Voltaire diceva che “il grado di civiltà di uno Stato si misura dal grado di civiltà delle sue prigioni” e qui non si vuole generalizzare degradando e sottostimando le carceri italiane, così come non si vuol sostenere che ogni carabiniere, che si occupa della sicurezza del suolo italiano, abusi del proprio potere e della propria autorità. Il fatto, però, che in uno stato democratico, civilizzato e attento alla salvaguardia della singola persona, possano capitare ancora casi simili è impensabile. Cucchi non è l’unico ragazzo picchiato in prigione; il 29 settembre 2008 un ragazzo di appena 22 anni, Emmanuel Bonsu, venne letteralmente placcato da otto agenti in borghese, mentre aspettava l’inizio delle lezioni serali, soltanto perché aveva cercato di scappare, impaurito, in quanto aveva scambiato gli agenti in borghese per dei malintenzionati. Una volta portato in caserma, diversi carabinieri lo schernirono con aggettivi razzisti. Nel caso di Emmanuel, la giustizia sembra aver fatto il suo corso, infatti chi ha commesso queste aggressioni è stato punito.

Ricordiamo poi il caso del quarantatreenne Giuseppe Uva, portato in carcere la notte tra il 14 e il 15 giugno 2008 e morto la mattina seguente, dopo essere stato in un ospedale a Varese per un trattamento sanitario obbligatorio. Da quel momento la famiglia ha cercato di far luce su ciò che è successo. I due carabinieri e i sei agenti della polizia coinvolti vennero però assolti.

Tentando di ampliare l’analisi, un altro fenomeno ben noto agli occhi di tutti è l’aggressività manifestata da alcuni agenti di polizia americani durante il servizio. I casi di violenza maggiormente registrati sono ai danni della popolazione afroamericana, ma tralasciando qualsiasi motivazione razziale, un dato balza subito all’occhio: 12703 casi su 13233 che riguardavano presunte violazioni di diritti civili non sono stati approfonditi dalla giustizia americana. La questione in realtà è molto complicata, poiché è sempre molto difficile per i giudici trovare prove sufficienti ad incriminare un agente di polizia, provando che  abbia intenzionalmente agito con violenza durante il fermo di una persona.

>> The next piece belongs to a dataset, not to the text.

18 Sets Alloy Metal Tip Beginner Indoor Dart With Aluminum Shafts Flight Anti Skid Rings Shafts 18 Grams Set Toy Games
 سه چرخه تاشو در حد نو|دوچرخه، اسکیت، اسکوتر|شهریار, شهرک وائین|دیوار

Diversi studi sono stati condotti da psicologi e giuristi per capire in che condizioni si possa stabilire quando ci si trova in presenza di regolare attuazione di procedure necessarie durante l’arresto di un individuo e quando invece il protocollo non viene rispettato e la violenza impiegata risulta essere eccessiva. Si tratta di un confine assai labile, che induce a riflettere su come cercare di distinguere i due modi di usare la forza: legittimo oppure eccessivo.

Per concludere, l’omertà non deve, o meglio, non dovrebbe ostacolare il corso della giustizia, perché, evitando di denunciare l’ingiustizia, non si potrà mai abbattere quel muro che da troppo tempo impedisce ai familiari delle vittime di far chiarezza su ciò che realmente è accaduto mentre i loro cari si trovavano in custodia dello Stato. Probabilmente, se ci fosse più empatia da parte di dottori e forze dell’ordine che in quei sette giorni avevano in cura ed in custodia Stefano Cucchi, oggi forse sarebbe un giovane adulto di 42 anni.